Short web captions:
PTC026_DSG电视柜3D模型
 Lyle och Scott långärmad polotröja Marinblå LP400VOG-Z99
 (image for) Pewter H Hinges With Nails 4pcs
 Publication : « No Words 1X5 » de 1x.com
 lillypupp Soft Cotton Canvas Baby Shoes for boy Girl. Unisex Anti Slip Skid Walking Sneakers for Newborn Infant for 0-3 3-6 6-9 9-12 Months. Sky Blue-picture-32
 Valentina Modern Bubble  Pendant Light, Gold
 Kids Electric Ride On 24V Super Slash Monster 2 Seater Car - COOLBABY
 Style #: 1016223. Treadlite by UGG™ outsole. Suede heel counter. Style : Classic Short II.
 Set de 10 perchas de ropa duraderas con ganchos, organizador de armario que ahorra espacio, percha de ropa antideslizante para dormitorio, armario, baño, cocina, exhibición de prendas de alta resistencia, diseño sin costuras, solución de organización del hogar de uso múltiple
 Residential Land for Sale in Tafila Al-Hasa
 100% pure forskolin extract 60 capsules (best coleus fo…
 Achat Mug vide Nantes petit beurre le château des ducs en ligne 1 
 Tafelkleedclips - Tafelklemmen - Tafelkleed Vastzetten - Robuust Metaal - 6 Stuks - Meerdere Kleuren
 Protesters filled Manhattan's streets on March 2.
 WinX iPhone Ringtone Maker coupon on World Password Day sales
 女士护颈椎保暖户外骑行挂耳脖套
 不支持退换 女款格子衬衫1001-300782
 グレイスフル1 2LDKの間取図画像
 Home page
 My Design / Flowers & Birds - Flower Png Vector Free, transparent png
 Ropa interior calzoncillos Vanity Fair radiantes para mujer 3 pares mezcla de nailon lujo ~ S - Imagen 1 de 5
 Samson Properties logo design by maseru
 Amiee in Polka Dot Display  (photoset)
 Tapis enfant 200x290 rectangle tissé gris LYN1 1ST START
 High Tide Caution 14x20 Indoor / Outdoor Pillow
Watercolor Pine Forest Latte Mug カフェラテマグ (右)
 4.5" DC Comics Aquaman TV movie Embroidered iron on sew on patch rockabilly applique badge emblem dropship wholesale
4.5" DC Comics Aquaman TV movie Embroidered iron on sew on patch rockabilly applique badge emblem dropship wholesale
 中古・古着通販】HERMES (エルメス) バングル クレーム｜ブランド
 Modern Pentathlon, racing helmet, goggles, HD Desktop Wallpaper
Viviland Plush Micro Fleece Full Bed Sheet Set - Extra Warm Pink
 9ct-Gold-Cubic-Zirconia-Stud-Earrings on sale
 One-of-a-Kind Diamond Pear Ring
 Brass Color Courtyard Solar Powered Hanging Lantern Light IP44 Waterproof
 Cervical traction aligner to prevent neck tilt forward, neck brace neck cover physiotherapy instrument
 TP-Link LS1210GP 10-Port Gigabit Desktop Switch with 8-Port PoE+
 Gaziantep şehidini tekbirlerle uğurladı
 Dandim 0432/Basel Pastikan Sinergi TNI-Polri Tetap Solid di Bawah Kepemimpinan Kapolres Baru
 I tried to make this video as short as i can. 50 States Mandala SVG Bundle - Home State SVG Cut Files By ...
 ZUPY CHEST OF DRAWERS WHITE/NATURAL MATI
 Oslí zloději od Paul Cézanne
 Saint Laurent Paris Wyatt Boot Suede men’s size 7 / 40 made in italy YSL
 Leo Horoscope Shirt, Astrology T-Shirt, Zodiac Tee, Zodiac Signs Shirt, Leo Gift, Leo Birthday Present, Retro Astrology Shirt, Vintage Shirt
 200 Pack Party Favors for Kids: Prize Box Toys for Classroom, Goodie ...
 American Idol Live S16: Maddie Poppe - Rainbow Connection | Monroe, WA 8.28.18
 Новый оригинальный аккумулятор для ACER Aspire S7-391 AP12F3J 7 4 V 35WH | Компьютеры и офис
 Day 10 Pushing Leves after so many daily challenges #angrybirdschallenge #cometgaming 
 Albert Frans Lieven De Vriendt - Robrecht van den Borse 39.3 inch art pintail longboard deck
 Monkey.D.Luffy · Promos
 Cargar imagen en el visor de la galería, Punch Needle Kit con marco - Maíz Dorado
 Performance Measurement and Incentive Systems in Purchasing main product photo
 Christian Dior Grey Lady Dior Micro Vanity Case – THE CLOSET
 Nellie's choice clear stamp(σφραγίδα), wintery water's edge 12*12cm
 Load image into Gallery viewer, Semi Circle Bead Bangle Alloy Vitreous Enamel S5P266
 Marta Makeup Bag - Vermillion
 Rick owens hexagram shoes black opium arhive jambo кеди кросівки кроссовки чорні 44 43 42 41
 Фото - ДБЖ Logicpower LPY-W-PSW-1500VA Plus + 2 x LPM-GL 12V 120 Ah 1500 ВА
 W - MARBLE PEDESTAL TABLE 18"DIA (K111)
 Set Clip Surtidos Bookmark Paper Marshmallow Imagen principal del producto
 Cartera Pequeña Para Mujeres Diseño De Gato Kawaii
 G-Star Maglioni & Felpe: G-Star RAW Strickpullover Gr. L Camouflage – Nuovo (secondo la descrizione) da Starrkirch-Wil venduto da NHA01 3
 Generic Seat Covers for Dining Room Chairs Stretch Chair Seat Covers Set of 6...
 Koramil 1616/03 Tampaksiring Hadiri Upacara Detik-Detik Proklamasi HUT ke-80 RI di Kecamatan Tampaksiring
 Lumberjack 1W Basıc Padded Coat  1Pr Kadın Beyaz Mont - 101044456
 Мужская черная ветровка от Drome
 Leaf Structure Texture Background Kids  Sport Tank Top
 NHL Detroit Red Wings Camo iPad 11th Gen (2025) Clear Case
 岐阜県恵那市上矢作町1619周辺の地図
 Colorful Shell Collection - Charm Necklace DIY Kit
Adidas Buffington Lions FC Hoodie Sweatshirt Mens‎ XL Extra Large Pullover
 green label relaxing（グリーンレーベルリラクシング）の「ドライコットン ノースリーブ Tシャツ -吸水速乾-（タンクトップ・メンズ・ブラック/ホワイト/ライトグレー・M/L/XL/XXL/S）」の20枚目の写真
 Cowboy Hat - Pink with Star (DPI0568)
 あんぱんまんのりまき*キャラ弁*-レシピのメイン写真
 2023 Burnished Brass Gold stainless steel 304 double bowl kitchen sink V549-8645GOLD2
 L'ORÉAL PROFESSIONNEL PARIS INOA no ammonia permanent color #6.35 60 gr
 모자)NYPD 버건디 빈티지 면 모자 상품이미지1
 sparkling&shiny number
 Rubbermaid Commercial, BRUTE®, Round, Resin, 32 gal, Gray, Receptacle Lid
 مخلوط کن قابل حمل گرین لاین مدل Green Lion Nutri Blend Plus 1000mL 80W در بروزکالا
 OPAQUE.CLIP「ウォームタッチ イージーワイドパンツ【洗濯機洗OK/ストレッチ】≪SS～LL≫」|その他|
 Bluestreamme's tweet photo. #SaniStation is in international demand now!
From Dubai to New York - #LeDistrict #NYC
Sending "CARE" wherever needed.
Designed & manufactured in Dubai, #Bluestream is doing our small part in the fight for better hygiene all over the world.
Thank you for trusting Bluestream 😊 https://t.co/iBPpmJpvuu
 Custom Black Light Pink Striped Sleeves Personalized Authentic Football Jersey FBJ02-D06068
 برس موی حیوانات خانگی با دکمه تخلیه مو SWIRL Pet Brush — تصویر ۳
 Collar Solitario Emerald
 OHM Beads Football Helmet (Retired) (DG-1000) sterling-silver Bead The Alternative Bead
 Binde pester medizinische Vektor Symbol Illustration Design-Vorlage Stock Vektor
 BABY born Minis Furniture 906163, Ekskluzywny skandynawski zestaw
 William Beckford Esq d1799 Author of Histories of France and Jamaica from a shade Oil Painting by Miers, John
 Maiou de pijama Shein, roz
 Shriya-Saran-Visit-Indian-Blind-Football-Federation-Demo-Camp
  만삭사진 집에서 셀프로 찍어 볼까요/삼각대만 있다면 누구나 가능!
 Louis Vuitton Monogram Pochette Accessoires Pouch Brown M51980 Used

Problem details:
In the entries above, find the line with "Rick owens hexagram" and the line with "Мужская черная ветровка от Drome", then set down exactly those two and every line between them, nothing else.

Answer below:
 Rick owens hexagram shoes black opium arhive jambo кеди кросівки кроссовки чорні 44 43 42 41
 Фото - ДБЖ Logicpower LPY-W-PSW-1500VA Plus + 2 x LPM-GL 12V 120 Ah 1500 ВА
 W - MARBLE PEDESTAL TABLE 18"DIA (K111)
 Set Clip Surtidos Bookmark Paper Marshmallow Imagen principal del producto
 Cartera Pequeña Para Mujeres Diseño De Gato Kawaii
 G-Star Maglioni & Felpe: G-Star RAW Strickpullover Gr. L Camouflage – Nuovo (secondo la descrizione) da Starrkirch-Wil venduto da NHA01 3
 Generic Seat Covers for Dining Room Chairs Stretch Chair Seat Covers Set of 6...
 Koramil 1616/03 Tampaksiring Hadiri Upacara Detik-Detik Proklamasi HUT ke-80 RI di Kecamatan Tampaksiring
 Lumberjack 1W Basıc Padded Coat  1Pr Kadın Beyaz Mont - 101044456
 Мужская черная ветровка от Drome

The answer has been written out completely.